Part L1A of the Building Regulations
The Standard Assessment Procedure (SAP) is the official English and Welsh system for rating the energy performance of domestic dwellings. The full formal definition of the SAP energy rating is – ‘A number between 1 and 100+ based on the annual space heating, water heating and internal lighting costs per square metre for the property, calculated using standard occupancy and location assumptions and deflated three year average fuel prices’. The SAP energy rating provides the basis for the Energy Performance Certificates (EPCs) required for all new build dwellings at the point of sale, which place the SAP rating on an A-G scale (similar to that used for the energy labels on white goods, such as fridges).
To put the above into more ‘layman-like’ language; The SAP calculates a rating for the annual energy cost for the dwelling in question due to the built structure, it’s heating system, internal lighting and any renewable energy technologies installed. It does not include energy used for cooking and appliances and assumes standard occupancy patterns and a ‘middle of England’ location for calculating the heating requirements over 12 months.

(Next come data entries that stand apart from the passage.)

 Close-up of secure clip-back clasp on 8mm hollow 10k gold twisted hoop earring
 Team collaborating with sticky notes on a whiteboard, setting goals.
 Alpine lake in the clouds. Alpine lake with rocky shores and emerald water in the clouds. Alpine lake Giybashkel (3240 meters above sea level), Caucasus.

So, if you imagine two identical properties, one built on the south coast of England and the other located on the North Yorkshire Moors, the SAP rating for both properties will be exactly the same, as it would be for any location within the country, as this is the whole point of SAP: to allow for comparison of properties on a national basis, irrespective of location. Other assessment methods are available that overcome this crudeness, but SAP is the minimum legal requirement.
To explain further: The SAP energy rating scale of 1 to 100+ relates to fuel running costs for the dwelling (not carbon emissions), with the higher the number, the lower the costs. The scale is set so that 100 represents zero energy cost, so a number over 100 would indicate that energy is being exported (from a solar PV array, for example). Remember, however, that this only relates to the energy costs included under the SAP requirements and does not include cooking and appliances, so a dwelling with a score of 100 may still have fuel bills to pay! The SAP rating is adjusted for floor area so that it is effectively independent of the size of the dwelling for any particular built form.
How does it work?
SAP calculations for new build properties can be derived from drawings and specifications, rendering a site visit unnecessary.

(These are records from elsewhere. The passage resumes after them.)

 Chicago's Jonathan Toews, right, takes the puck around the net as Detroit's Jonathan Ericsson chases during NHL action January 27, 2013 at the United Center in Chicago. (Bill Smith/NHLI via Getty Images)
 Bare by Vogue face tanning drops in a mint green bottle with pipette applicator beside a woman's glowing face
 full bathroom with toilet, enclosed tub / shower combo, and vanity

Key issues to be considered include:
- Insulation – location and type of insulation being used, width/depth
- Heating – primary and secondary systems specified and fuel used, efficiency, emitters and controls
- Design and build factors – use of accredited construction details and attention to thermal bridging
- Legal requirements – minimum specification of dedicated low energy light fittings, air pressure test limits, minimum thermal element U-values and heating system specifications, building not to over-heat in summer
All of the above key issues, along with additional information, are then entered into a computer programme and an overall Target Emission Rate (TER) for the building is calculated. This is the maximum threshold for carbon emissions relating to SAP relevant annual energy use allowed for the proposed design. A second figure, the Dwelling Emission Rate is also calculated which is the predicted performance of the proposed design. To pass Part L1A of the Building Regulations, this figure needs to be lower than the TER.

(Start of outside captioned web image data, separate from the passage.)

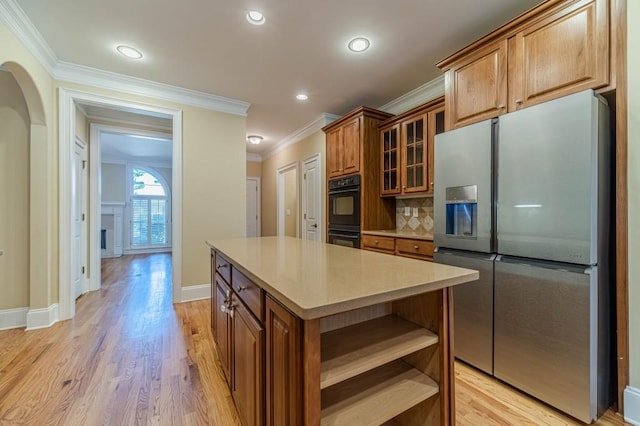 980 Windsor Place Cir, Grayson, GA 30017 - kitchen with stainless steel fridge, open shelves, brown cabinetry, backsplash, and crown molding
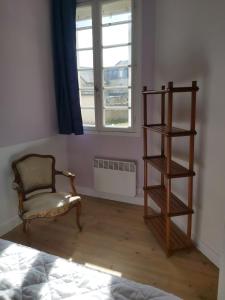 a room with a chair and a book shelf and a window at Maison Quebec in Bernières-sur-Mer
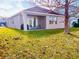 Single-story home with backyard patio and lake view at 2304 Cedar Garden Dr, Orlando, FL 32824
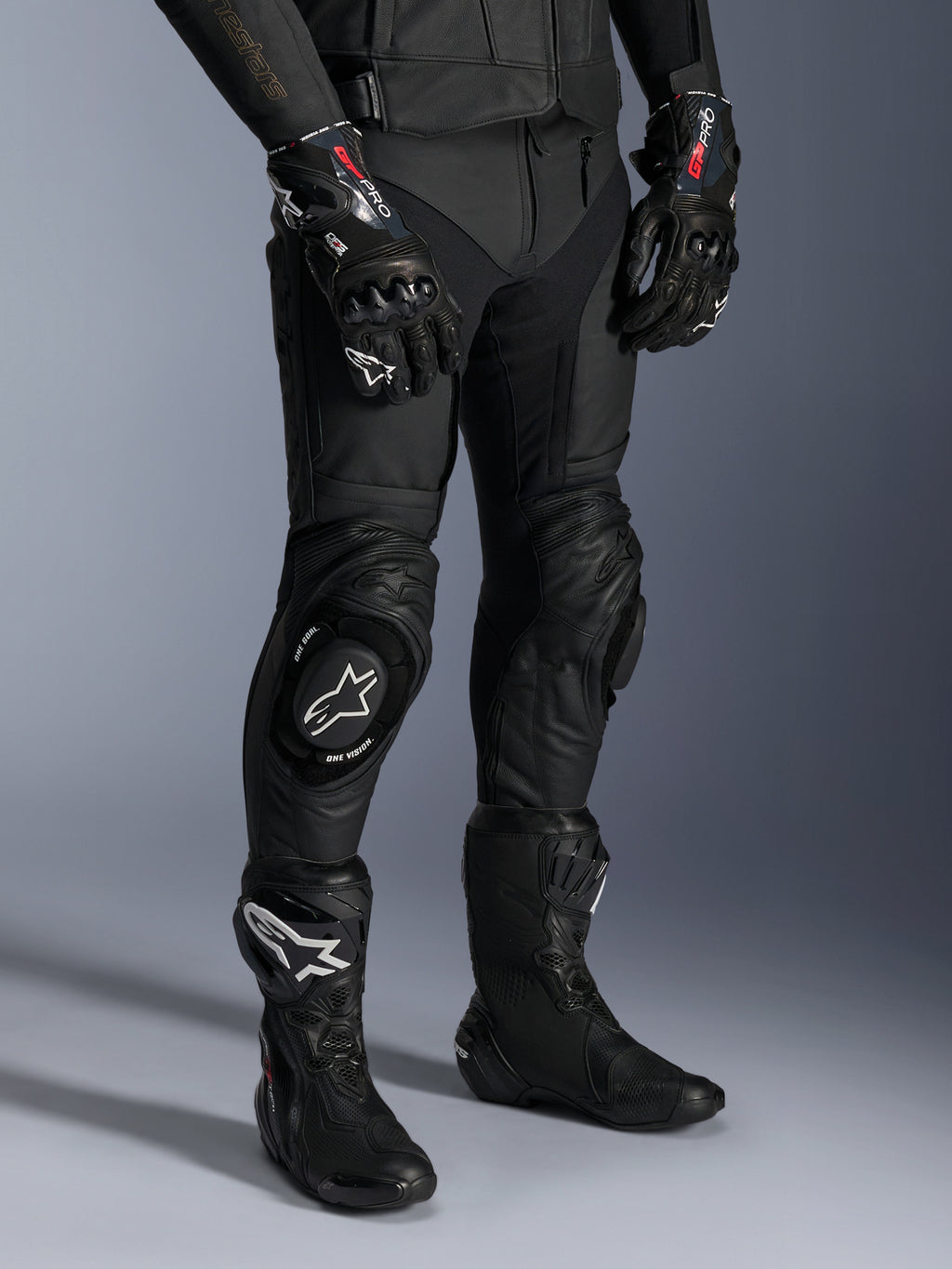 Alpinestars Missile V3, pantaloni da moto racing in pelle nera, indossati con guanti GP Pro e stivali da corsa tecnici, costruzione in pelle premium con saponette per ginocchio con logo bianco, estetica racing professionale per pista e strada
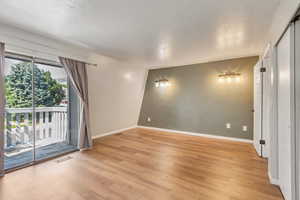 *See Virtually Staged Photo*  North facing bedroom with sliding glass door and outside balcony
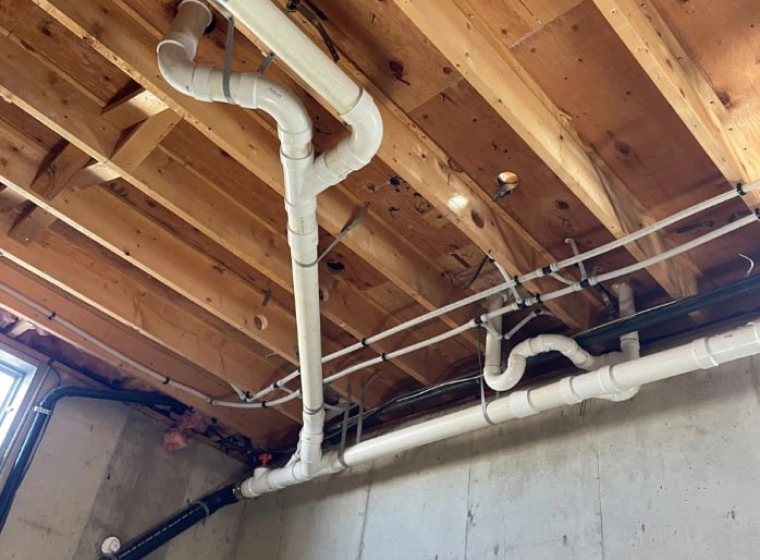 tubing system of a house in the ceiling of its basement 1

SAP/Part L1A Calculations – The Blewburton Partnership approach
The Blewburton Partnership is licensed with NHER to produce SAP reports, Building Control checklists & reports and EPCs for new build dwellings. Prices for individual dwellings start from £80 + vat, depending on complexity.
We recognise that at the early stage of design, not all the information required to assess a dwelling will be available. Nevertheless, as long as the actual dimensions of the building are known, SAP software can be used as a design tool to model a variety of parameters to ascertain the best solution for a particular development. This is particularly relevant when a Code for Sustainable Homes assessment is also required and is strongly recommended.
In all our work, we will offer feedback on potential improvements or concerns we identify. When a design does not comply with Part L1A we seek solutions and make recommendations, such as improvements to U-values through extra insulation or use of alternative products; alterations to boiler specification and heating system control; or the incorporation of renewable/sustainable energy products.